12.128 Hella Zzamzza


13 (Thu) May 2021

Hella Zzamzza


at Zzamppong Zizon

-Bansong, Dongtan, Hwaseong, Gyeonggi, Republic of Korea-


Zzamppong Zizon (짬뽕지존) is a Korean-Chinese restaurant chain.  Founded 2015.  Currently 63 branches across the country.  Specializes in jjambbong. The term “jijon” – here, stylized as “zizon” – originated as an honorific title for royalty, meaning “most exalted,” kinda like “Your Majesty,” but now refers to anything proclaiming to be the best.

Our book fair is being held today and tomorrow in a school located in the same building.

SIDEBAR: The Korean alphabet has 4 letters that can be doubled for stronger emphasis in pronunciation: ㄱ/ㄲ, ㄷ/ㄸ, ㅂ/ㅃ,ㅈ/ㅉ.  When the doubled letter is transliterated into English, the English counterpart is also doubled, even if doing so doesn’t really make a difference in the English pronunciation and looks strange.  For example, “짬뽕 = jjambbong.” 
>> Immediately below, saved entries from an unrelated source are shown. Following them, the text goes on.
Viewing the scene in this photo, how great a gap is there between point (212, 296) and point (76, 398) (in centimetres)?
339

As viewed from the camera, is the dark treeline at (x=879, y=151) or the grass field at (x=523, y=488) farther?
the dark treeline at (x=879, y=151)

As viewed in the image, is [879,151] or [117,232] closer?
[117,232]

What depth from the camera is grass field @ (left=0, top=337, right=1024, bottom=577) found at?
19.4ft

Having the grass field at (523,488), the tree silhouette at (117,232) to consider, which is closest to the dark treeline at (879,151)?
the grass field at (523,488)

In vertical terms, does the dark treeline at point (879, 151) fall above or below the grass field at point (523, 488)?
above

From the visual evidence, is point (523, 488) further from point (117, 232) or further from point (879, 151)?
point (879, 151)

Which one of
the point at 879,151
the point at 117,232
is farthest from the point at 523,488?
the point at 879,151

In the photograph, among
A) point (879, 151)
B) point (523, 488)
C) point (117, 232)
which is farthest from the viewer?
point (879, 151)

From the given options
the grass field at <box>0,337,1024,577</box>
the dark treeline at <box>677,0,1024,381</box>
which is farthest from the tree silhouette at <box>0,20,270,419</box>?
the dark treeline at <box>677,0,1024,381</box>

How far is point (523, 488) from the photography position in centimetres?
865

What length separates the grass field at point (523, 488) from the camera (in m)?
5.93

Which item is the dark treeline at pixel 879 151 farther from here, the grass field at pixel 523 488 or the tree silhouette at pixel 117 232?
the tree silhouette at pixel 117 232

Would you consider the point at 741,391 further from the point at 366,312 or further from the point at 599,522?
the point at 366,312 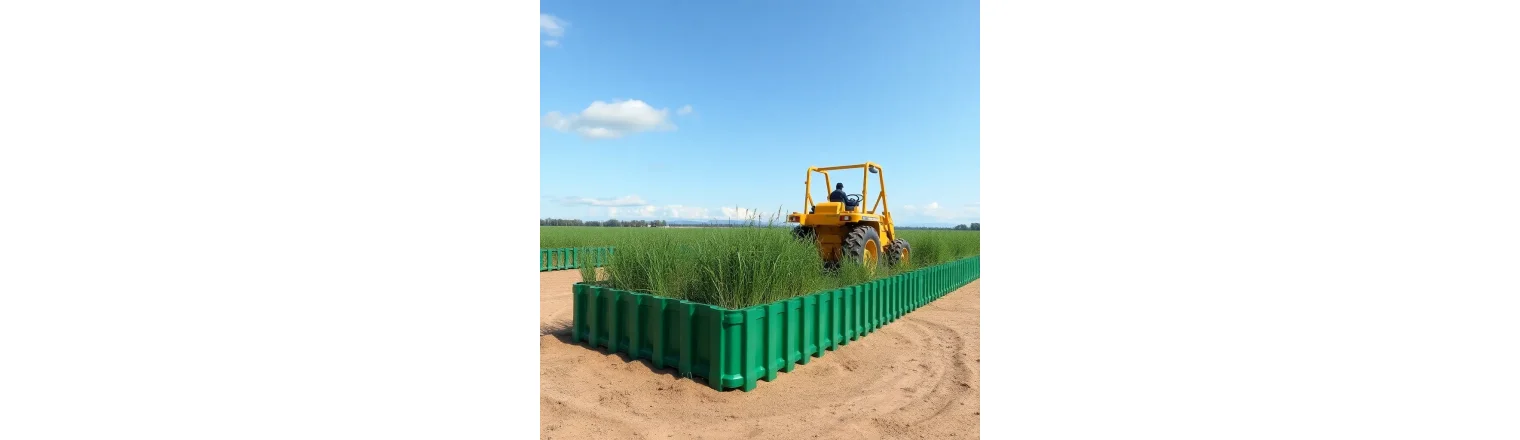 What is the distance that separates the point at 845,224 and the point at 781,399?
3.96 meters

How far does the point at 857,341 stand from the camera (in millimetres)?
5133

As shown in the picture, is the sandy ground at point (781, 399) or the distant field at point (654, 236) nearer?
the sandy ground at point (781, 399)

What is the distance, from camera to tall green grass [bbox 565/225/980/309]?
168 inches

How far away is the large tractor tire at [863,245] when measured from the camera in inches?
262

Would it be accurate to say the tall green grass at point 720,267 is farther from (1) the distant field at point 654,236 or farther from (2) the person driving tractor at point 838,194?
(2) the person driving tractor at point 838,194

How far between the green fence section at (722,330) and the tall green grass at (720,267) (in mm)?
287

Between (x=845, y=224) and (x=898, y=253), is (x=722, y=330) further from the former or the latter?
(x=898, y=253)

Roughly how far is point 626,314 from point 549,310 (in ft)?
9.83

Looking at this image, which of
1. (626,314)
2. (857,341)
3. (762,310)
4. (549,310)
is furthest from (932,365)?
(549,310)

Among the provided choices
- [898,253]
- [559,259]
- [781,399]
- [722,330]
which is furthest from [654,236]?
[559,259]

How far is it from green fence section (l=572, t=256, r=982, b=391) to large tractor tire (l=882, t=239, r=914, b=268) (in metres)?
3.03

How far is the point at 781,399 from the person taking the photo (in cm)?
353

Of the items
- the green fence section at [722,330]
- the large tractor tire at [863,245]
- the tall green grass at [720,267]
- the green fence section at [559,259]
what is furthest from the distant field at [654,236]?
the large tractor tire at [863,245]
SIDEBAR: The Korean alphabet does not have counterparts for certain English letters, such as F, R, TH, V, Z.  When such letters are transliterated into Korean, the Korean letter designated to sound most similar is substituted.  For Z, for example, the Korean character ㅈ (pronounced like the English letter J) is used.  So, for example, the clothing brand Zara is written as “자라” and pronounced “JARA” (yes, I know that Zara is pronounced “Thara” in Spanish; in that case, hypothetically, because Korean also doesn’t have a letter for the TH sound, ㅌ would stand in (sounds like a T), so the brand would be written as “타라” and pronounced “TARA”) (ㄹ is more of a rolled R, and so coincidentally comes closer to the Spanish letter R).  Marketers have taken this linguistic mechanism and reversed it, so that Korean words with ㅈ are transliterated into English not with J but with Z, which presumably is intended to look cooler, even though it doesn’t, and the pronunciation becomes less accurate.  For example, “짬뽕 = jjambbong = zzambbong = zzamppong (no reason why the “bb” is changed to “pp”).

The self-service bar – located at the entrance, so it’s the first thing that customers see upon entry – offers coffee, fruit drinks, water, side dishes, napkins, utensils, aprons (to shield against jjambbong broth splatter), and steamed rice.

Whereas jjajang myeon and jjambbong are the twin juggernauts of Korean-Chinese cuisine, together comprising perhaps 60% of orders in most Korean-Chinese restaurants (another 10% might be fried rice, which comes with jjajang sauce on the side and a bowl of jjambbong soup).  They are equally popular, driving customers crazy with the dilemma of which one to order, hence the invention of jjamjja myeon.  Curiously, however, more restaurants seem to specialize in jjambbong these days (see for example 11.356 Haemul Wang Jjambbong), even in Manila (see 10.271 Chadol Jjambbong) – “specialize” means that “jjambbong” is included in the name of the restaurant, though old school restaurants offering hand made noodles still lean towards jjajang myeon (see for example 3.215 Suta Wang Son Jjajang Myeon).

I have never seen a restaurant in Korea that offers free rice – a bit later, the steamer was refilled to the top with rice – what a great idea.

My theory – which I am making up right now as I type – is that jjambbong is more difficult to make, thus the louder proclamations of mastery.  Every component of jjambbong – broth, proteins, vegetables, noodles – needs to be just right, or imperfections will immediately come through.  By contrast, the thick, sweet, rich black bean sauce of jjajang myeon is more overpowering, more forgiving – like pizza, even when it’s bad, it’s still pretty good.

In addition to the standard flour-based noodles, jjambbong is also available with rice noodles or rice or sujebi or sundubu.

The menu offered 2 versions of jjambbong, though they actually the same thing: (i) Jijon Jjambbong (“Spicy Seafood Noodle Soup”) and (ii) Jiok Jjambbong (“Hell Spicy Seafood Noodle Soup”).  The server confirmed that the components are identical in both, the only difference being that (i) is milder than (ii), which can be adjusted for spiciness, levels 1-4.  That means (i) and (ii) could be combined, with a 5-point scale of spiciness.

The jjamjja myeon – Hell, level 1 – was okay.  The jjajang half was a bit spicy, otherwise meh, still pretty good.  The jjambbong was fine if unremarkable; in fact, having found the broth rather flat, I was surprised to find heaps of shelled clams and mussels in the bottom of the bowl, making me suspect that they were thrown in at the end.  The best part was eating the shellfish with steamed rice.